▸ Information provided:
--
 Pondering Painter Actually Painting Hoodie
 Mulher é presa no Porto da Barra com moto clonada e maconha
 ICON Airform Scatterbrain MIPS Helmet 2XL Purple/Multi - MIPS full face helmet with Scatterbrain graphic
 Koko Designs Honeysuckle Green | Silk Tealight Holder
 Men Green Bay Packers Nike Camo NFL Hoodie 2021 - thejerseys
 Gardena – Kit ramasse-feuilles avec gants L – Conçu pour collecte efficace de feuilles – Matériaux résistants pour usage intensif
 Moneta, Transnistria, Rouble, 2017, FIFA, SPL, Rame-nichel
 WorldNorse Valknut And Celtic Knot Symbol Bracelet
--
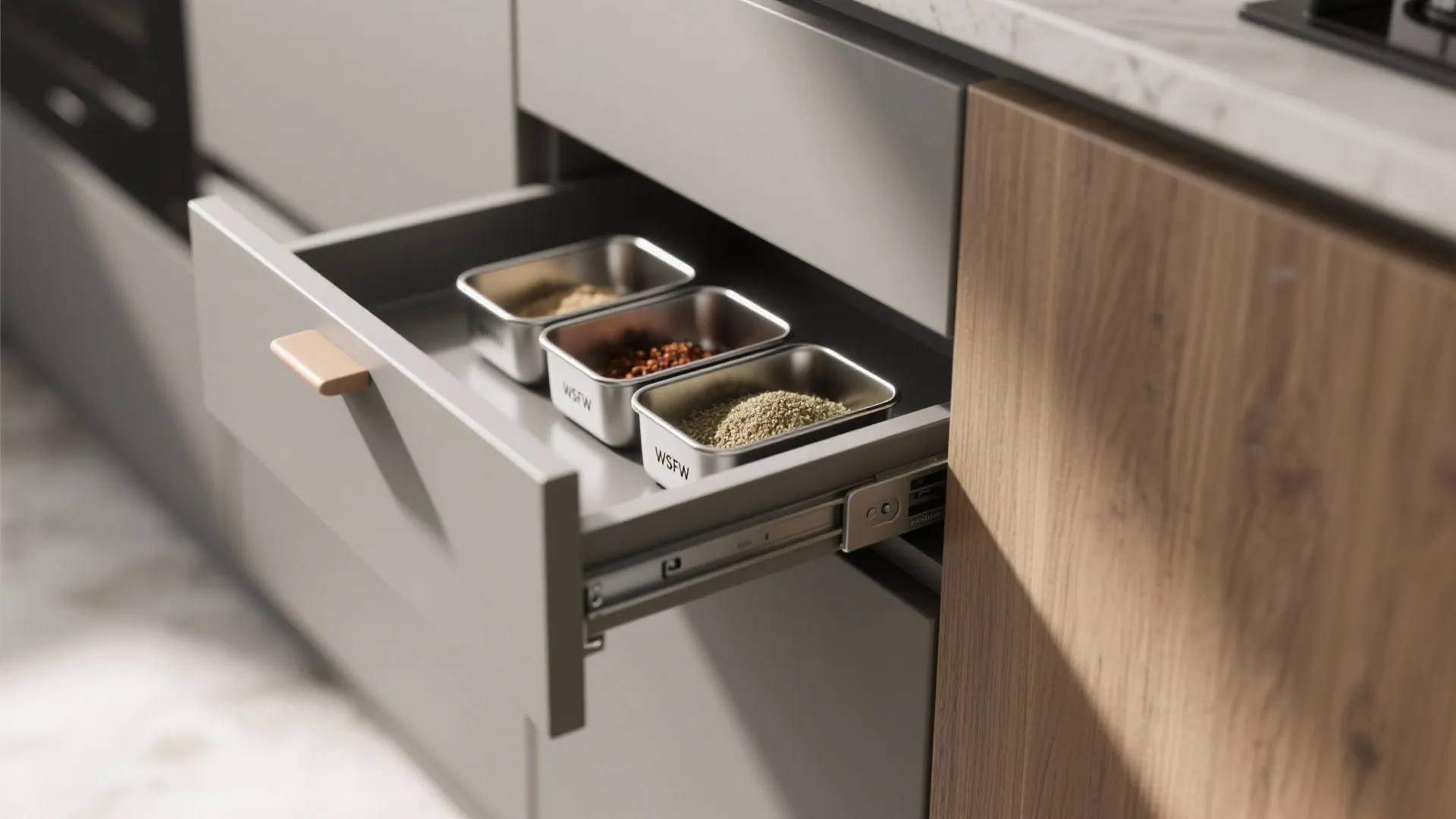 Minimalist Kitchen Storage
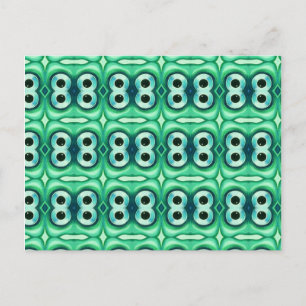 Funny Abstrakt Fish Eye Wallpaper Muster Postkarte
--
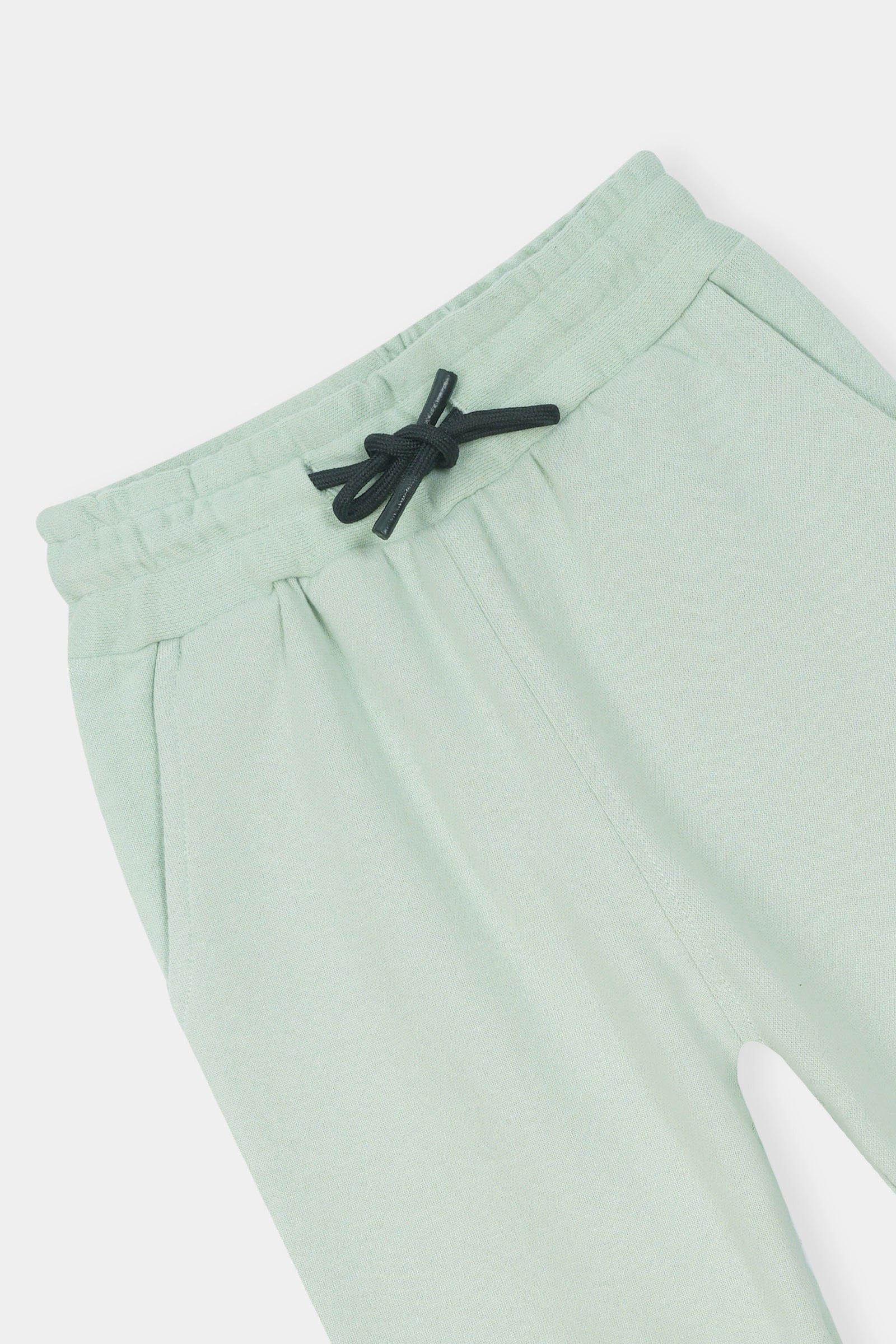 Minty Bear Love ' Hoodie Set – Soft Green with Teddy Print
--
▸ Task prompt: Scan the lines above for "Gardena – Kit" and for "WorldNorse Valknut And". Repeat exactly the line holding each of them and every line in between.

▸ Written response:
 Gardena – Kit ramasse-feuilles avec gants L – Conçu pour collecte efficace de feuilles – Matériaux résistants pour usage intensif
 Moneta, Transnistria, Rouble, 2017, FIFA, SPL, Rame-nichel
 WorldNorse Valknut And Celtic Knot Symbol Bracelet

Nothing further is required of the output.